§ Task instructions:
Using the data below, print exactly the line with "والدة أشرف حكيمي", the line with "un jardín con", and every line between them, but none of the pictures.

§ Information shown:

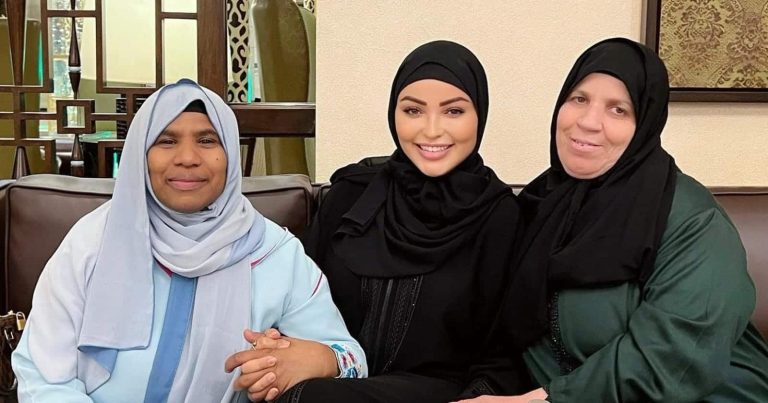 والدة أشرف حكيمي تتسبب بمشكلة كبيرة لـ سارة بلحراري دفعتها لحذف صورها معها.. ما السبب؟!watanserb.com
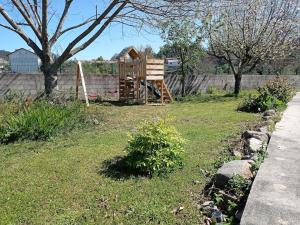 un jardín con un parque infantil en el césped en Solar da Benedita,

* * *

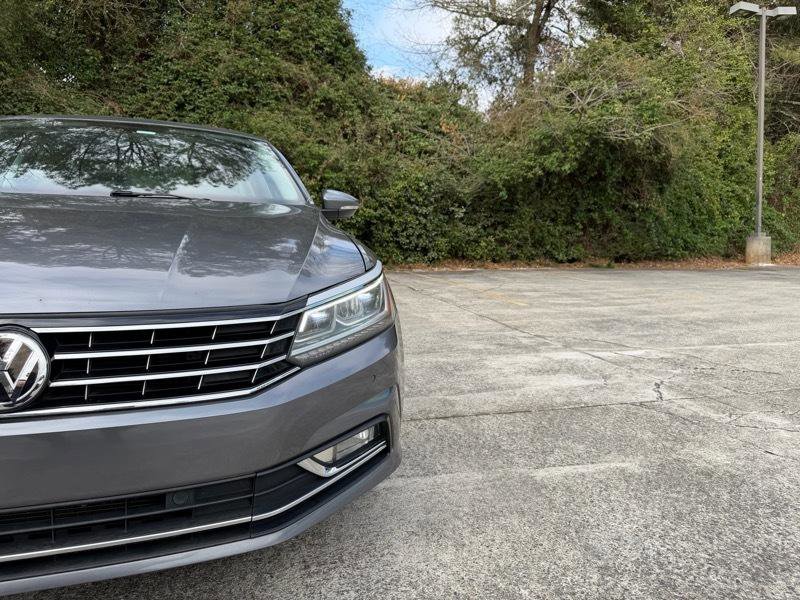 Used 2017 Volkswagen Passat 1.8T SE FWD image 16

§ Solution to this task:
 والدة أشرف حكيمي تتسبب بمشكلة كبيرة لـ سارة بلحراري دفعتها لحذف صورها معها.. ما السبب؟!watanserb.com
 un jardín con un parque infantil en el césped en Solar da Benedita,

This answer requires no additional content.